À entendre Bayrou accabler les autres quand lui a tout fait parfaitement, ou a oublié, on a l’impression de suivre une rhétorique trumpienne. Tout n’est que confusion, approximations, dérobades, contre-attaques, irritation. La réalité n’a même plus à être crédible.
Il faut la noyer. Vous pouvez dire un mensonge, si vous êtes pris, vous êtes foutu. Vous pouvez dire mille mensonges, vous ne serez jamais pris, il y en a tellement partout qu’ils ne dessinent pas une incohérence, mais un chaos qui brouille tout jusqu’au réel.
Comment voulez-vous prendre Bayrou en flagrant délit de mensonge quand entre deux éléments ou plus, ils peuvent ne pas être compatibles, et vous ne pouvez même pas dégager des deux celui qui est réel puisque les deux sont probablement des mensonges ?
Quand on apprend que des rapports d’inspection ne correspondent pas à ce que pensaient avoir établi les inspecteurs, qui a trafiqué les données formelles, donc écrites, pour édulcorer voire trahir leur travail ? Et comment est-ce possible ?…
Parce que c’est factuel de savoir que les établissements privés ne sont jamais inspectés, c’en est une autre de diligenter une inspection et de voir que les conclusions trahissent le reste du rapport, de voir des documents qui devraient être signés, mais qui ne le sont pas…
Est-ce que l’on a fermé les yeux ? Est-ce qu’il y a eu des pressions ? Est-ce que c’est du vent et que l’on produit des documents à partir d’inspections bâclées, histoire de dire que l’on a agi, mais que l’on s’est bien gardé de donner les moyens de faire les choses…

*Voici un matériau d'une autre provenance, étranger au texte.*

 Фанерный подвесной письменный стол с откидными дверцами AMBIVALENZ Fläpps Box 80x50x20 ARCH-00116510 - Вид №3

« De manière informelle, hein… J’ai besoin de montrer que j’ai fait quelque chose. Tu fais ça, ça, et ça. Et on sera tranquilles. » Voilà ce que l’on imagine quand on voit autant de manquements. « Moi ? Mais j’ai suivi les ordres. » J’ai œuvré pour la préservation de nos intérêts communs.
C’est la mafia. On produit des tas de documents. On s’agite pour préserver les apparences, sauver untel ou untel égratigné par de méchantes victimes qui sont sorties du cadre et que l’un d’entre nous, semble-t-il, n’a pas assez bercé de « claques éducatives ». Des claques de bon père de famille.
Il n’y a rien à attendre d’une telle commission. Le rapport sera accablant. Des manquements graves seront notifiés. Des avis pour améliorer la situation seront donnés. Que feront les « réseaux » en réponse ? Ils s’adapteront.
Parce que ce ne sont pas les établissements scolaires ou les politiques qui agissent ainsi en « réseaux », c’est la société toute entière. Entre voisins, entre frères, entre copains, entre élèves de la même promotion, entre partisan du même clan, entre collègues…
Chacun se rend des services, chacun aura un jour ou l’autre besoin de tel ou tel chaînon de ce réseau. C’est toute la culture de réseau qu’il faut abattre pour changer les choses. Que chacun se questionne sur ses propres rapports à « l’informel ». À ce que l’on est capable d’accepter, d’entendre, d’attendre pour soi ou pour les autres dans le cadre de petits services rendus ou donnés entre amis ou d’une même « mafia ».
Et si vous pensez que votre réseau vous sert ou que vous devez le servir, c’est que vous êtes déjà coupable.